How a 31-year-old entrepreneur grew her restaurant business to more than $6 million in annual net sales last year

Gina Luari
Gina Luari, the founder of The Place 2 Be.

courtesy of Luari

  • Gina Luari launched her first brunch restaurant in 2016 after growing up in the industry.
  • She’s scaled to four more locations and booked more than $6 million in annual net sales last year.
  • Strong branding and investing in growth have helped her scale amid difficult conditions, she said.

The restaurant business is in Gina Luari’s blood.

As a 6-year-old, she immigrated to the US from Albania, where her family ran a restaurant. In Connecticut, her father landed a job at a local diner and, a decade later, bought the establishment and hired Luari.

“I was working as everything from a host to a server to a dishwasher,” she said. “I’ve always been engulfed in the restaurant industry. It’s been a part of who I am for so long.”

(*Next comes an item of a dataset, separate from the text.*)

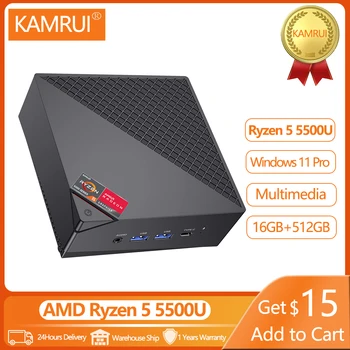 KAMRUI AM06 Pro AMD Ryzen 5 5500U Мини ПК Windows 11 Pro Игровой Компьютер 16 ГБ DDR4 512 ГБ Nvme SSD Офисный Настольный VS SER5 5560U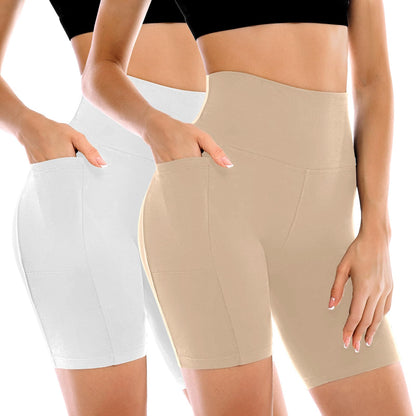 Leafigure 2 Pack Womens Biker Shorts with Pockets 6" | High Waisted, Tummy Control, Running, Gym, Workout, Yoga Shorts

Luari transitioned from restaurant employee to entrepreneur in 2016 when she opened her brunch spot, The Place 2 Be. Since then, she’s expanded to three additional locations, with a fifth opening this month, hired more than 200 employees, and booked more than $6 million in annual net sales in 2021, documents verified by Insider showed.

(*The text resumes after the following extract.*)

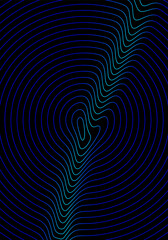 Abstract Background with Lines and Wave. Water Ripple 3D Effect. Vector Optical Illusion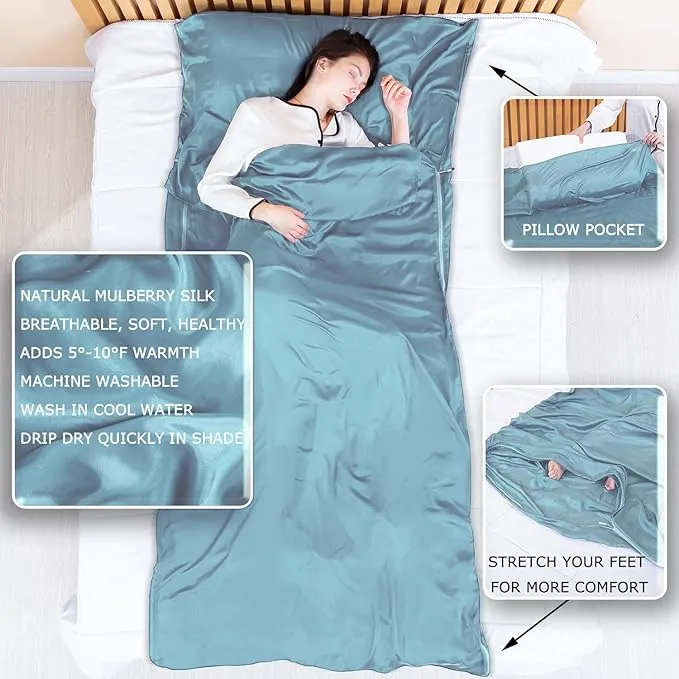 100% Silk Sleep Sack with All Around Zippers, 87”x43” Large Sleeping Sheets for Hotels, Travel & Camping, Multifunctional Travel Sheets (Unzipped:87”x87”) for Adults, Lightweight, All Season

Despite her family history in the restaurant business, Luari initially forged a different career path after college: She worked as the executive director of the Rocky Hill Chamber of Commerce, where she helped small, local businesses scale. It was there she noticed a void in the downtown Hartford brunch market, a business opportunity, she said.

At 24, she leased the space for her first restaurant. Her mother had to sign the papers because the landlord thought she was too young, she said.

The entrepreneur, now 31, spoke with Insider about her growth tactics and how she continued to stand out in the food industry with a growth mindset and cohesive branding.

Take advantage of your time and opportunity

The Place 2 Be brunch spot
The Place 2 Be locations include swinging chairs and other photo spots.

courtesy of Luari

As Luari launched and scaled her businesses, she never felt imposter syndrome, and that’s been one of her biggest assets, she said. When she opened The Place 2 Be, she understood there were aspects she didn’t know about entrepreneurship — in fact, she still feels that way. But she’s confident that she’ll be able to find the answers to her questions through trial and error, she added.

For example, as she prepared to open her first location, she used her experience from the chamber to determine her best course of action. She took out a $26,000 line of credit, filed her LLC, applied for a liquor license, set up her payroll, determined her point-of-sale software, and created her menu.

“The two things you don’t get back in life are time and opportunity,” she said, adding that it’s important for new business owners to move efficiently through their launches. 

Create a compelling brand experience

The Place 2 Be shake
The Place 2 Be’s shakes and other brunch foods are served with the company duck.

courtesy of Luari

The Place 2 Be is known for its unique branding, including rubber ducks in drinks and colorful, over-the-top brunch plates, which customers regularly snap and share with their social-media followers. That’s not an accident, Luari said.

She aimed to create an experience that people wanted to be a part of and share, which she achieved through her food and interior design. 

The first step in the business branding was working with a graphic designer to create the logo and develop the printed menus, she said. Then, she hired a local artist to paint murals on the walls. She also scheduled a ribbon-cutting ceremony — something she’d spent a lot of time doing at the chamber — to ignite local interest in the business. 

“I wanted to transform the space into something that would be a place where I would want to hang out,” she said.

She also installed a green wall and swinging chairs so visitors experienced “picture moments” in the space that they would likely share on social media, she added. Lastly, she invested in dinnerware, glassware, and drink vessels that would surely photograph well.

“All of those factors really helped elevate and create the brand,” Luari said. 

Navigate tough times by investing in growth

While 17% of US restaurants closed during the first year of the COVID-19 pandemic, Luari invested more time and money in social media and marketing. The tactic brought in a new crowd of customers, she said. 

A post shared by The Place 2 Be ™️ (@place2bect)

“They started coming to us because they kept seeing us on social media,” she said. “We were in their faces 24/7.”

Luari and her team launched initiatives like “brunch boxes” so customers could order takeout and experience the brand in their own homes. The boxes included signature menu items as well as stickers and The Place 2 Be’s signature rubber ducks.

“We’re always looking for a better and more efficient way to do something,” Luari said. “I really do think that’s why we’ve been able to sustain through everything that was meant to destroy us.”